Here, we have our phase diagram generated by Lykoi on the left and the phase diagram from ref2 on the right. In the left plot, shaded in regions indicate the region of stability for $SrTiO_3$ while everything outside of this region is grayed out (unstable). This is in contrast to Heifets et al's figure which shows all terminations will stabilize before spilling into the chemical potential region of bulk instability. This is due to the difference in formation energies for the different Sr-Ti-O phases where MP shows a more pessimistic window of stability for $SrTiO_3$. For more information about bulk stability, the user is encourage to explore the DFT methods used in ref2 and compare them to the methods used in MP.

You will see a button here:

Pressing this button will rewrite the surface grand potential as a function of available reaction conditions, providing two new parameters that can be plotted, the partial pressure and temperature. The conversion between chemical potential and reaction conditions is given by the following:

$\mu_i(T,p_i)=\Delta G(H,T,S)+k_BTln(p_i/p_o)$

where $k_B$ is Boltzmann's constant, $p_i$ is the partial pressure of species $i$, $p_o$ is the standard pressure, and $\Delta G$ can is obtained from available thermodynamic tables from NIST/JANAF: https://janaf.nist.gov/

Keep in mind this conversion only works for chemical potential species listed on the table.

Subsequently, this makes our phase diagram a function of three parameters (T, $P_{O}$, and $\Delta \mu_{Sr}$). I don't know about you, but visualizing things in three dimensions on a two dimensional plane makes my eyes hurt, so at the moment, we will only ever plot as a function of two parameters. However, we also have the option to set a slider (5) for the third parameter. Doing so will provide us with a way to change the phase diagram as we move the slider.

*Note: Future implementations will allow for more than one slider, however at the moment, we only allow for one. Any remaining parameter will remain constant with the minimum value.

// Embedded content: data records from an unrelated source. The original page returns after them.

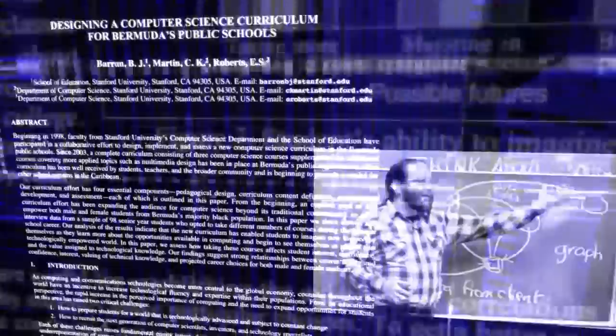His course textbook, The Art and Science of C, was adopted at over 200 institutions. He later played a leading role in revising the computer science curriculum to include instruction in Java.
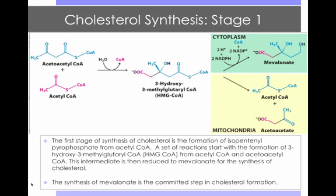We will now take a look at the synthesis of one molecule of cholesterol, which consists of three stages. The first stage is the formation of isopentanyl pyrophosphate from acetyl-CoA. A set of reactions starts with the formation of 3-hydroxy-3-methylglutaryl-CoA from acetyl-CoA and acetoacetyl-CoA. This intermediate is then reduced to mevalonate for the synthesis of cholesterol. The synthesis of mevalonate is a committed step in cholesterol formation.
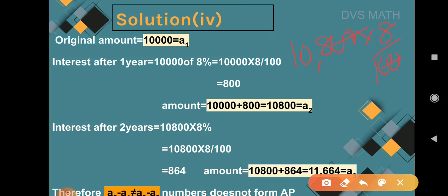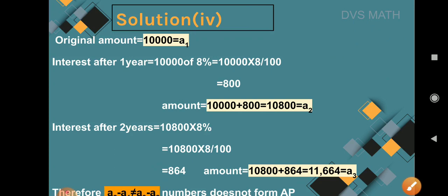In the second year, the interest is 10,800 × 8% = 864, giving a₃ = 10,800 + 864 = 11,664. Observe that the interest added is not fixed — it was 800 in year one and 864 in year two, and it keeps increasing. Therefore a₂ − a₁ ≠ a₃ − a₂, and the numbers do not form an AP.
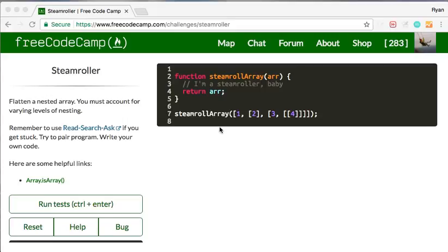Hey YouTube, it is Ryan here. I'm on FreeCodeCamp.com and I'm going to solve a problem that has been happening to some of us while we're running through these exercises.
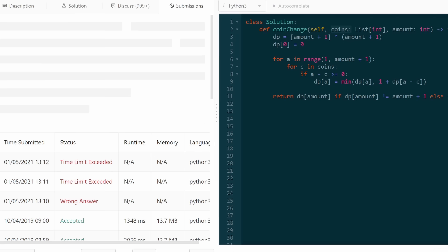The time complexity is O(amount × number of coins) and the memory complexity is O(amount), since we have a DP array with a potential value for every single amount. I hope this was helpful — please like and subscribe if you enjoyed, and I'll see you soon.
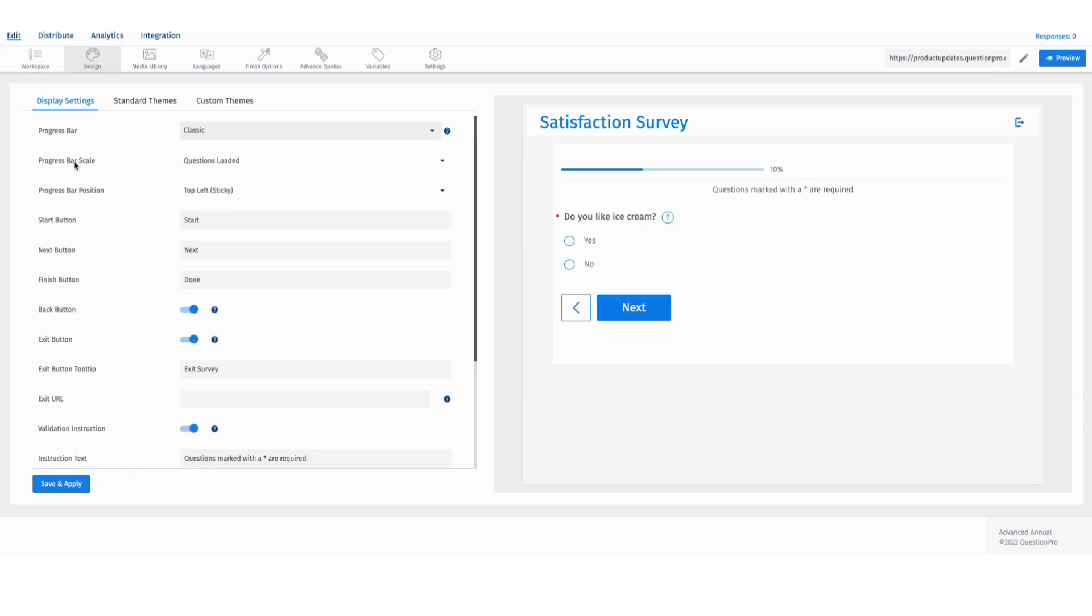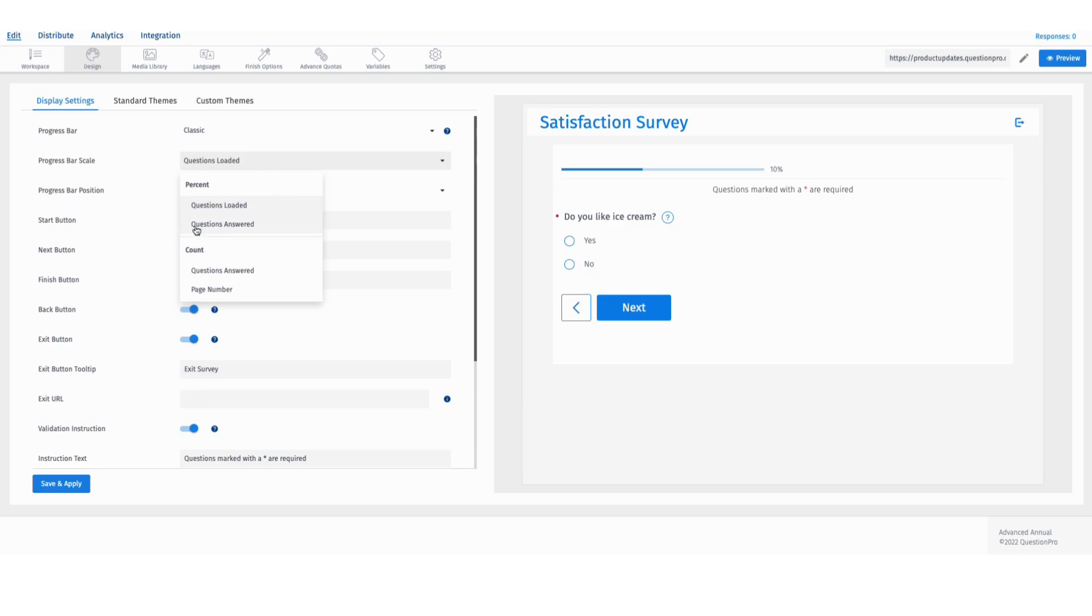You now see the progress bar scale option open up. Click on the dropdown and you can now select between a percent or a count progress as questions loaded, questions answered, or page numbers in case you're choosing the count option.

Recall that the surface energy is the grand potential normalized by surface area. At the end of the day, this is just a normalized formation energy. So one might ask "can I just use this to plot the phase diagram for bulk formation energies instead of surface energies so long as I provide the formation energy as a function of chemical potentials?". And the answer to this is yes. You technically can build phase diagrams for bulk structures or anything for that matter, so long as the units of your Landau potential are consistent for all phases you are interested in.